A key concept in discussing geometric series is whether the series will converge or not. Convergence in a series means that as you add more and more terms, the series approaches a specific value rather than just infinitely increasing. For geometric series, the crucial factor determining convergence is the "common ratio".

• If the absolute value of this common ratio is less than 1, the series converges.
• If the absolute value is 1 or greater, the series diverges, meaning it does not settle at a particular value.

It's important to calculate the absolute value of the common ratio correctly to determine convergence. This often serves as the first step in analyzing any geometric series. In the given example, the common ratio is \(\frac{i}{2}\), and calculating \(|r| = \left|\frac{i}{2}\right| = \frac{1}{2}\), helps us confirm that the series converges because \(\frac{1}{2} < 1\). Understanding this criterion is fundamental before moving on to find the series sum.

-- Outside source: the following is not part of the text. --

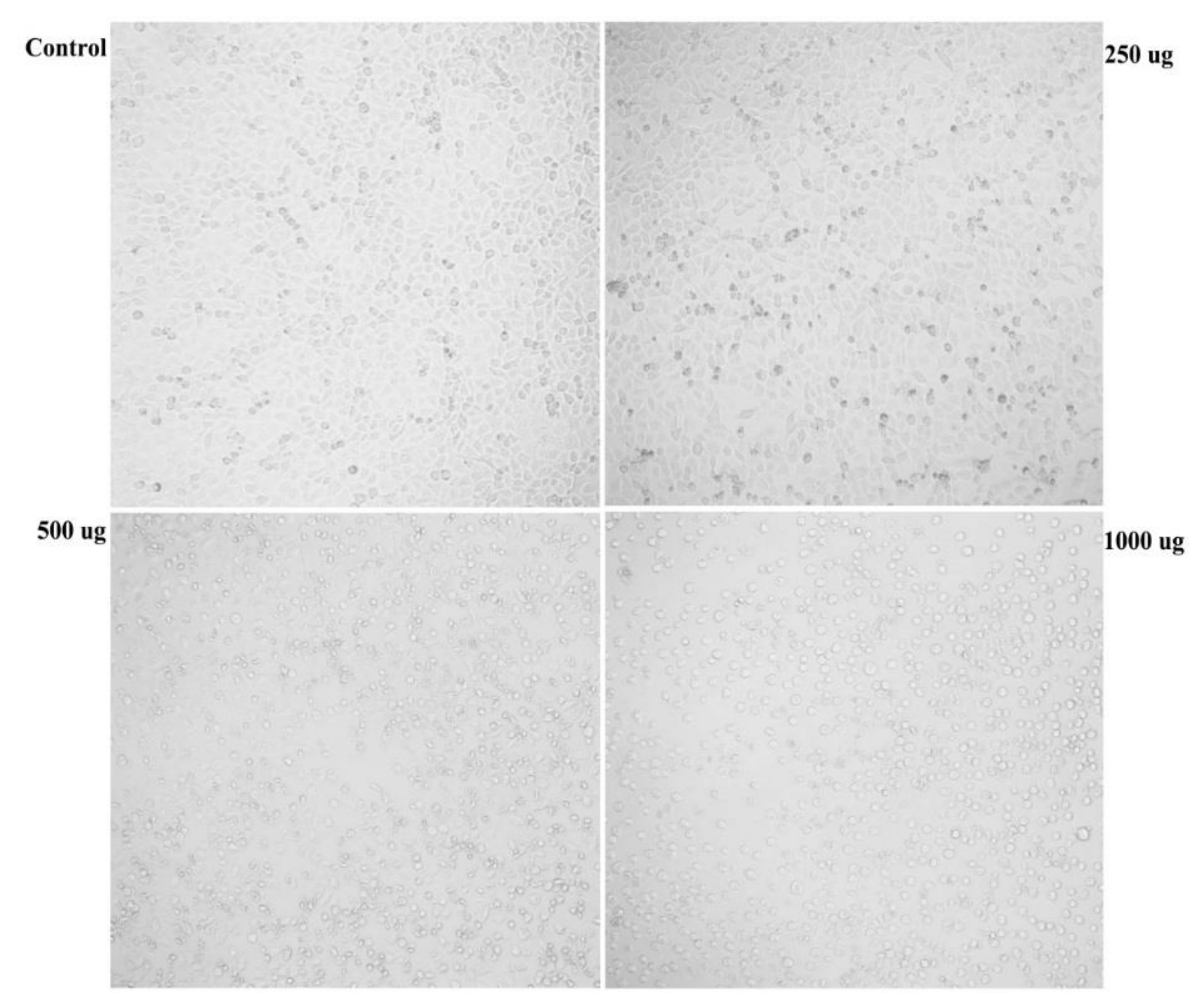 Biomolecules 09 00871 g004 Biomolecules 09 00871 g004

The common ratio is a vital component of any geometric series. It is essentially the factor by which each term in the series is multiplied to get the subsequent term. This constant ratio is what defines the series as geometric.

For the series \( \sum_{k=1}^{\infty} \left(\frac{i}{2}\right)^{k} \), the common ratio \(r\) is \(\frac{i}{2}\). Complex numbers like \(i\) often appear in advanced problems and can initially seem challenging. However, they follow the same rules for convergence when arranged in a series.

Knowing how to effectively determine and manipulate the common ratio can greatly influence your ability to analyze a geometric series. This geometric series progresses by multiplying each term by \(\frac{i}{2}\). Understanding how to handle complex numbers here, particularly their absolute value, allows you to assess convergence correctly.

Complex numbers, such as \(i\), bring a unique twist to geometric series. The imaginary unit \(i\) is defined by the property \(i^2 = -1\). This definition can influence how terms in the series behave.

When dealing with complex numbers in series, it is important to remember their effect on calculations like finding the absolute value. The absolute value of a complex number \(a + bi\) is calculated as \(\sqrt{a^2 + b^2}\). For \(i\), which is equivalent to \(0 + 1i\), the absolute value is 1, as calculated by \(\sqrt{0^2 + 1^2} = 1\).

• Handling complex components involves basic complex arithmetic rules.
• Operations like finding sums often require multiplying by conjugates, as seen in the solution \(\frac{i}{2-i}\).

This step is crucial for simplifying and thereby correctly interpreting series sums. In addressing the series \(\sum_{k=1}^{\infty}\left(\frac{i}{2}\right)^{k}\), the adjustment with the conjugate \(2+i\) simplifies the series to a manageable expression, ensuring a clear understanding of its behavior and properties.